Unfortunately, while businesses were hiring less the labour market moved on. In this new world, employees and candidates are much more in control.

“If, as an employee, I need my employer less than I did before, I have more options,” explains Kropp. “And that is a sustained shift that will be there no matter what.”

How should employers respond?

With recruiters now operating in an incredibly competitive market, the need to differentiate from other potential employers has never been greater. Chris Adcock, managing director of recruitment specialists Reed Technology, says the number of live opportunities on his company’s site is the highest he’s seen in his 16-year career. 

The high demand from employers has so far gone unmatched by interest from candidates, meaning that Adcock prefers the term ‘great flirtation’ to great resignation. “People are starting to dip their toe in the water and have a look at new opportunities but we’re not seeing people actually making moves yet,” he says.

With hiring plans in the private sector rising three percentage points in the third quarter of 2021 – taking them above pre-pandemic levels for the first time – the pressure to find talent is only going to grow. 

“As with any skills shortage, clients are struggling,” Adcock explains. “We’ve had plenty of clients who are coming to us and proactively saying they will pay more to try and get hold off the best talent quickly.”

As they look to make themselves a more attractive proposition for prospective candidates, employers are considering a range of perks. These include salary raises, additional time off, better benefits packages, improvements to the working environment and more remote working opportunities. 

This is broadly in-line with what employees are looking for from a new job, with higher salary and more flexible working arrangements in the top five reasons for people changing jobs. 

However, compensation is not be at the top of every potential new employee’s list of priorities and Adcock warns that businesses should make sure they “appeal to the individual’s motivations for joining the business, not just to the broadest base”.

One thing is clear, this movement of workers does not appear to be over. A survey by CV Library found that 76.4% of the UK workforce intends to look for a new job this year, meaning the landscape for employers could get even more competitive.

And while the temptation might be to focus attention on these new recruits, taking care of current staff is equally as important.

“Some candidates feel that their current employer hasn’t looked after them as well as they wanted during the pandemic,” says Adcock.

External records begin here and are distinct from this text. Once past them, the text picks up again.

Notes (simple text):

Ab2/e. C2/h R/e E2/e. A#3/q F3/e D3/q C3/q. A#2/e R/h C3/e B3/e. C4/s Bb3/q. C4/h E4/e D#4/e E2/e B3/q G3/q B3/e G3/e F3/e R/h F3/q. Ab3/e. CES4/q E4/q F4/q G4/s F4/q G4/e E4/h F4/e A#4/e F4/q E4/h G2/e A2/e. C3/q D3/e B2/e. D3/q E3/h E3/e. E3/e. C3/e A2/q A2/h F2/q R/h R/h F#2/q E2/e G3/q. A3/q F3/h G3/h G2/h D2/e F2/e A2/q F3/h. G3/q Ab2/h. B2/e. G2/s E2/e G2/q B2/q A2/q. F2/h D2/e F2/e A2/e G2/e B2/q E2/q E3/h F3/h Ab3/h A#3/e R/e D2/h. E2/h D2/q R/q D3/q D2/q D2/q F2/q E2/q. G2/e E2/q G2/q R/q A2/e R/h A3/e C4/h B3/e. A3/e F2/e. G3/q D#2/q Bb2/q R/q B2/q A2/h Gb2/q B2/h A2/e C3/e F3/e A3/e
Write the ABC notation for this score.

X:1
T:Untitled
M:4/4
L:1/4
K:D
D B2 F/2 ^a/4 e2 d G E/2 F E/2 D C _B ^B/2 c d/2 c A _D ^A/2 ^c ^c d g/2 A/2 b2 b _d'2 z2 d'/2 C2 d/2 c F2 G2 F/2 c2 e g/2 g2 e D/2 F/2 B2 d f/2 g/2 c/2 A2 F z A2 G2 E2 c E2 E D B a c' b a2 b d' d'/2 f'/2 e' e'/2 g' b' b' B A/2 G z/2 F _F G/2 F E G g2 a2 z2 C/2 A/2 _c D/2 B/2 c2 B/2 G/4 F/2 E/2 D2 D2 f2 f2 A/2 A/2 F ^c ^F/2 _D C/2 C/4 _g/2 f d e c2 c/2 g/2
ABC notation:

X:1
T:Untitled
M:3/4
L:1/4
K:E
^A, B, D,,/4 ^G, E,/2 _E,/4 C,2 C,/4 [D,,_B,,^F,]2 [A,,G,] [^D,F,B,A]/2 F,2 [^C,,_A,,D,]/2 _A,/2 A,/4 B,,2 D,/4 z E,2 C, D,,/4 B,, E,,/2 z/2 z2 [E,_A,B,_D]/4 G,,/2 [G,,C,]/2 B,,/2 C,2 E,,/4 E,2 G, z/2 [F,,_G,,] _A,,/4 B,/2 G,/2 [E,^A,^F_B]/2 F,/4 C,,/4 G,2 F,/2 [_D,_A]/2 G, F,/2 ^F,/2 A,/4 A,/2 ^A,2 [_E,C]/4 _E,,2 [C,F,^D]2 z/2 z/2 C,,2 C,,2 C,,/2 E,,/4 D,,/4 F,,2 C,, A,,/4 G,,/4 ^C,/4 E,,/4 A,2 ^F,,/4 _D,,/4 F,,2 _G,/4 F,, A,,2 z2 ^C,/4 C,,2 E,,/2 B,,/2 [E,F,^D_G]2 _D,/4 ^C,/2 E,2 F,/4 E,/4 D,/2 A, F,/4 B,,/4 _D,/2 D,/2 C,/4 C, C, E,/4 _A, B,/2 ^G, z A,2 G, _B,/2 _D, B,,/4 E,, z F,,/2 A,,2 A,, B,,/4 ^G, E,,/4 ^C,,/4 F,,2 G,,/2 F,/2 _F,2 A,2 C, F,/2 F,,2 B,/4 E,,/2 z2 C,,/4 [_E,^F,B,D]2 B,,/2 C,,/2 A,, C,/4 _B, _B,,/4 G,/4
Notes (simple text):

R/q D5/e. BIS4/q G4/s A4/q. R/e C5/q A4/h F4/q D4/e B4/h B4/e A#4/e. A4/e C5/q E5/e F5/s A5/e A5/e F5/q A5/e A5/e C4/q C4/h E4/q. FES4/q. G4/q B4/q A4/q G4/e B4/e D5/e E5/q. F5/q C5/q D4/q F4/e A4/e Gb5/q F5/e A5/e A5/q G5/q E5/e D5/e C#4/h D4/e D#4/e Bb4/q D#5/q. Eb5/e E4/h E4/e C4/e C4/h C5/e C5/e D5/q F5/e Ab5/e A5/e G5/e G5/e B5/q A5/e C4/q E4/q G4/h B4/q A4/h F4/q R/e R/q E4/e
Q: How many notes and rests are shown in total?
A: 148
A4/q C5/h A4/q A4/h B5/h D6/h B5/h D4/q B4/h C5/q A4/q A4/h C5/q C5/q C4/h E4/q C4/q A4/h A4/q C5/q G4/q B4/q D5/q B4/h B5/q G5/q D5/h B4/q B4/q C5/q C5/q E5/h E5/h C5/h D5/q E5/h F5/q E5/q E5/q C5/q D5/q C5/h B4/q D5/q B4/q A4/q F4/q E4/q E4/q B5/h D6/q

Now that the Covid situation appears to be more stable, many workers are fed up and ready for a job move. 

“It’s very expensive to replace people; you’ve got recruitment fees, increased salaries, training costs and other hidden costs. So companies need to work on retention too.”

Many businesses are aware of this and do see their current stuff as key to dealing with vacancies. Upskilling staff is the second most popular way to fill hard-to-fill roles, although widening the potential pool by looking at apprenticeships, hiring under-used groups such as ex-offenders and making more effort to recruit older works is also key.

Whether it really is a great resignation or more of a great re-evaluation, employers are likely to face recruitment challenges in the short- to medium-term at least. 

“The market has gone through a rapid change,” Adcock says. “It will revert back to being candidate heavy eventually but it could be a long time before it does, the pace of change will be slow.” 

Businesses will therefore need to be prepared to expand their arsenal in the ongoing war for talent.